Red Hook contends very simply that the scheme between Wendover and [the borrower and/or the guarantor] and the concealment thereof, was an effort to avoid a merger of the mortgage with the debt. Red Hook argues further that the sole motivation for the transaction was to discharge Red Hook's mechanic's lien, and that such an effort should be prevented by the doctrine of equitable estoppel. In other words, Wendover could have simply purchased the property and satisfied HSBC's debt, and Red Hook's lien would have remained intact.


"The proponent of a summary judgment motion must make a prima facie showing of entitlement to judgment as a matter of law, tendering sufficient evidence to eliminate any material issues of fact from the case [internal quotation marks and citation omitted]." Santiago v. Filstein, 35 A.D.3d 184, 185-186 (1st Dept 2006) . In the event the movant has satisfied its prima facie burden of proof, the burden then shifts to Red Hook to "present evidentiary facts in admissible form sufficient to raise a genuine, triable issue of fact." Mazurek v. Metropolitan Museum of Art, 27 A.D.3d 227, 228 (1st Dept 2006); see Zuckerman v. City of New York, 49 N.Y.2d 557, 562 (1980) . If there is any doubt as to the existence of a triable fact, the motion for summary judgment must be denied. See Rotuba Extruders v. Ceppos, 46 N.Y.2d 223, 231 (1978).

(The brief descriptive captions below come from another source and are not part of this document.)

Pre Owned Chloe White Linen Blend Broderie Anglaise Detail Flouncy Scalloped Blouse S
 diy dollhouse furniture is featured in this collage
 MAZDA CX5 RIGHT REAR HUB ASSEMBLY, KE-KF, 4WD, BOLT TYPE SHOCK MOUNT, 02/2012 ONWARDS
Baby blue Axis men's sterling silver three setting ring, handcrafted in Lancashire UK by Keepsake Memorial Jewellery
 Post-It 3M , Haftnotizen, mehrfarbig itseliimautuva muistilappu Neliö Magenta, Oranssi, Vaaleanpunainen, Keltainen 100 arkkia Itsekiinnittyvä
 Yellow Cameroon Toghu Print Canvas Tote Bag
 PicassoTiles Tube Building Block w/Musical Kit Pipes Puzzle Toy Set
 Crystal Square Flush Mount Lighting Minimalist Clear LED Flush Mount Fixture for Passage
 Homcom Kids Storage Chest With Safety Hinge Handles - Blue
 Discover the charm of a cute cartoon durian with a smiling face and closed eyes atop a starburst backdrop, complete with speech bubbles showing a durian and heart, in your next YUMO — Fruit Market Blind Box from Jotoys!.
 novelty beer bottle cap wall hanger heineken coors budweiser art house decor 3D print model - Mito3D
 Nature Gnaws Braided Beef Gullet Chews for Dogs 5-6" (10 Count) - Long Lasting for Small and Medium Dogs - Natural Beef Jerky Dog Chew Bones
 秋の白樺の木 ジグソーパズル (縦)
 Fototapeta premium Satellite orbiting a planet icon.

Wendover has failed to address or refute the negative implications raised by the Lynch affidavit, thereby raising factual issues with respect to the veracity or accuracy of the statements made by Weissman.

Further, meaningful discovery has not been conducted by the parties prior to the filing of this summary judgment motion. Because discovery may assist the parties (and this Court) in narrowing or resolving disputed issues of fact, the summary judgment motion is denied without prejudice. Magee v. County of Suffolk, 14 A.D.3d 664 (2d Dept 2005); Perroto Dev. Corp. v. Sear-Brown Group, 269 A.D.2d 749 (4th Dept 2000)(denying summary judgment motion without prejudice to renew, after completion of discovery) .

The Court has considered all of the additional arguments raised in the motion-in-chief and the cross motion and find them to be unpersuasive. Consequently, the motions are denied.

Accordingly, it is ORDERED that the motion-in-chief and cross motion are denied without prejudice.